Just as unsettling is the testimony of acolytes who to this day believe Koresh did no wrong. Kathy Schroeder says it was an honour to be selected to sleep with Koresh at the end of one of his all-night bible study sessions. “It was exciting to be alone with God,” she says. She remembers planning to kill herself in the event of the authorities breaching the compound.
“If [the FBI] had entered the building, we would all commit suicide,” she says. “There was an actual grenade handed to me because I was the one woman that could have pulled that pin and killed the four or five women in the room that I was in.

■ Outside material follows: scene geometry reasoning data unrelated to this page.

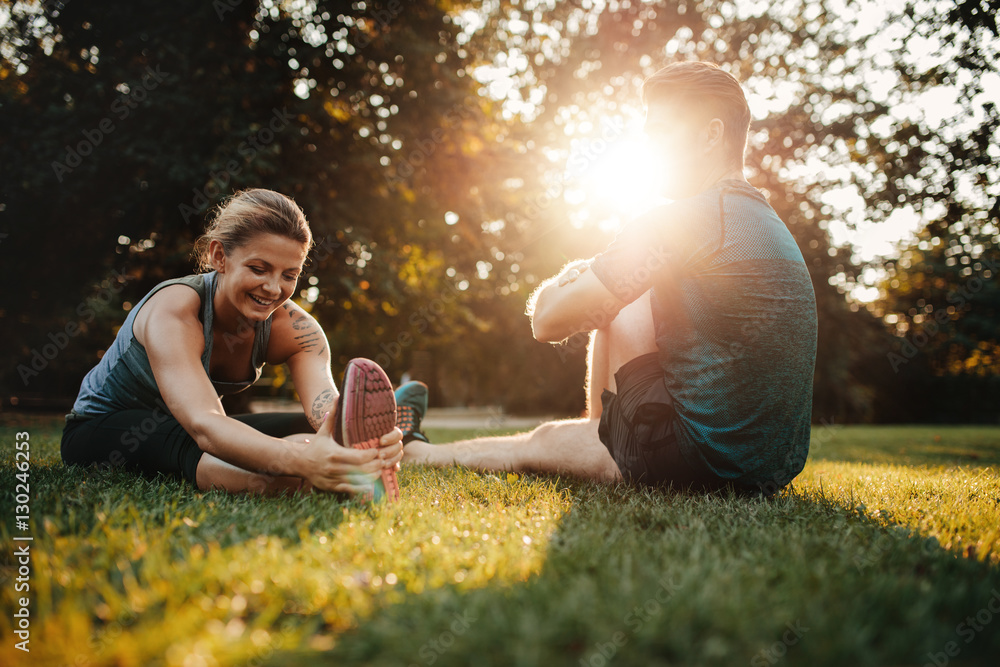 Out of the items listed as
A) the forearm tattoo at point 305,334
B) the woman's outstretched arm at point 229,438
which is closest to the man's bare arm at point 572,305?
the woman's outstretched arm at point 229,438

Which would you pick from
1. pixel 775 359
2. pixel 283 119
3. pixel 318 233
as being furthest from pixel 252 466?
pixel 283 119

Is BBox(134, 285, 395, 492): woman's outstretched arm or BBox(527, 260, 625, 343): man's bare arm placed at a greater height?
BBox(527, 260, 625, 343): man's bare arm

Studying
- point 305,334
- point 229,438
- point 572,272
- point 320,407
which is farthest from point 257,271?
point 572,272

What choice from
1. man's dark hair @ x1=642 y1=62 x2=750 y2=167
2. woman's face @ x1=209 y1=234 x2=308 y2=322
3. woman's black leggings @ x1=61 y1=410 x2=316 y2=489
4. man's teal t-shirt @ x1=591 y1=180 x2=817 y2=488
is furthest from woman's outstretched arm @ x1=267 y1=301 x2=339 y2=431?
man's dark hair @ x1=642 y1=62 x2=750 y2=167

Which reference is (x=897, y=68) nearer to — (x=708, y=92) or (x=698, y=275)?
(x=708, y=92)

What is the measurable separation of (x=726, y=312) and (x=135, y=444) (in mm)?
2632

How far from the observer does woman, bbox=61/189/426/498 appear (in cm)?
205

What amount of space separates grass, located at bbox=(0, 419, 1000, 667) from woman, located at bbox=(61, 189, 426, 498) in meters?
0.18

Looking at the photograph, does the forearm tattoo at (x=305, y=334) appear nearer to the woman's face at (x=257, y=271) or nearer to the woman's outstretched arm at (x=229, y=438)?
the woman's face at (x=257, y=271)

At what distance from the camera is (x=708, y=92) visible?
8.07 feet

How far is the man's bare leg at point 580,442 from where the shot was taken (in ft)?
8.80

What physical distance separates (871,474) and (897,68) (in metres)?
7.05

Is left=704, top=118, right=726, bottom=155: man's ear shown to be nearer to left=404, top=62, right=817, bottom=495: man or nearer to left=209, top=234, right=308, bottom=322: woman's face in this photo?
left=404, top=62, right=817, bottom=495: man

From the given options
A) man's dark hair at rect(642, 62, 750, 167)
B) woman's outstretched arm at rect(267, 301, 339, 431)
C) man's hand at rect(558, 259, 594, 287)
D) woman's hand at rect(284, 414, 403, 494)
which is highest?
man's dark hair at rect(642, 62, 750, 167) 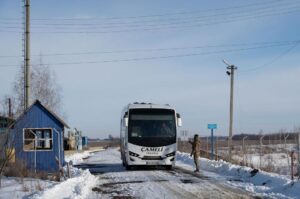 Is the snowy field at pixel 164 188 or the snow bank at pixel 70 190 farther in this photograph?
the snowy field at pixel 164 188

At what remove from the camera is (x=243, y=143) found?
2700cm

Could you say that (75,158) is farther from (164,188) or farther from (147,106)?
(164,188)

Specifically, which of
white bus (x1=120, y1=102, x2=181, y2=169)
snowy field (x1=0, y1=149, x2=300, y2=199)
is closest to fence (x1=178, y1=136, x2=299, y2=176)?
snowy field (x1=0, y1=149, x2=300, y2=199)

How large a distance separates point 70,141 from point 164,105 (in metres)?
45.1

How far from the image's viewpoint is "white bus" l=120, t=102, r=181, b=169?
2486 centimetres

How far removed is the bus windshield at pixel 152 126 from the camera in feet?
82.0

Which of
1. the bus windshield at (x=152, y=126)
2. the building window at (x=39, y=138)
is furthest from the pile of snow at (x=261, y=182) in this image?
the building window at (x=39, y=138)

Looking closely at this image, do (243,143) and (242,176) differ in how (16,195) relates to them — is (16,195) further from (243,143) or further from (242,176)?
(243,143)

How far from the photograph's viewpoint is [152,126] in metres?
25.3

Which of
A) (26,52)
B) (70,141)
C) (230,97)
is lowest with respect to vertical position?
(70,141)

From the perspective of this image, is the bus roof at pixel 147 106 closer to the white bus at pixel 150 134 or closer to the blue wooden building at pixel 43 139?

It wasn’t a matter of, ‘How is this affecting me as a person?’ because, I’m not a person, I’m God’s tool.”
American Apocalypse tells the story of the siege minute by minute – from the ATF raid in which four officers were killed to the fires that engulfed the building as the Feds flooded it with tear gas (Koresh’s followers deny starting the blazes). One way or another, it feels inevitable that the siege would end in disaster. Death and mayhem certainly seem to have been Koresh’s desired outcome. The question that lingers is whether more lives might have been saved.
Perhaps, says FBI rescue sniper Chris Whitcomb, who recalls having Koresh in his sights early in the stand-off. “If I shoot him here, now, it’s over. They all come out. I’ll go to jail for the rest of my life, but I save 90 lives. ... Do I think about it a lot? Hell, yeah.”